10 Myths About High-Conflict Divorce
After working with divorcing families for over 30 years, first as a social worker and then as a family law attorney, I believe the following myths are stronger than ever. The first list is what some professionals think. The second list is what some parents think. Make sure to read both lists, then let me know if there are any you don’t understand or want explained further. You can see how these myths trigger defensiveness and increase conflict – yet they continue to exist.
10 Myths about High-Conflict Parents (by some Family Law Professionals)
1. They’re not very smart.
2. They don’t care about their children.
3. If one parent is high conflict, then the other must be too.
4. Public lectures and shaming will motivate them to use good parenting behavior.
5. Allegations of abuse are always false and a manipulation to get control.
6. Allegations of alienation are always false and a smoke screen for true abuse.
7. If you just ignore high-conflict parents, their children will do just fine as adults.
8. Children’s preferences are not influenced by either parent in high-conflict families.
9. They all have personality disorders and nothing will reach them.
10. They’re both lying anyway, so you shouldn’t listen to anything they say.
10 Myths about Family Law Professionals (by some Divorcing Parents)
1. Professionals should agree with me and give me whatever I want.
2. The judge will immediately see through the other party, even though it took me many years.
3. Criticizing or yelling at my professional will motivate him or her to listen and work harder.
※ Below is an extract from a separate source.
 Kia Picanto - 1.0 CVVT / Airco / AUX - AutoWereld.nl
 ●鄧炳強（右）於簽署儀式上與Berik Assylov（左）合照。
4. They all want to increase the conflict so they can just make more money.
5. They’re all arrogant and none can be trusted.
6. The entire family law system is corrupt and many professionals are taking bribes.
7. Administrative actions against professionals are always valid, but fail because of corruption.
8. Public exposure and blame will motivate them to use good professional behavior.
9. They’re not very smart.
10. They don’t care about the children.
Some of these may be true in a rare case, but in many (most?) cases they are not true. Yet these myths continue and are just making things worse. We need to check our own thinking and avoid splitting people into all-good and all-bad. Let’s treat everyone with respect and make no assumptions, so we can work on accurately understanding each families' specific problems. What do you think?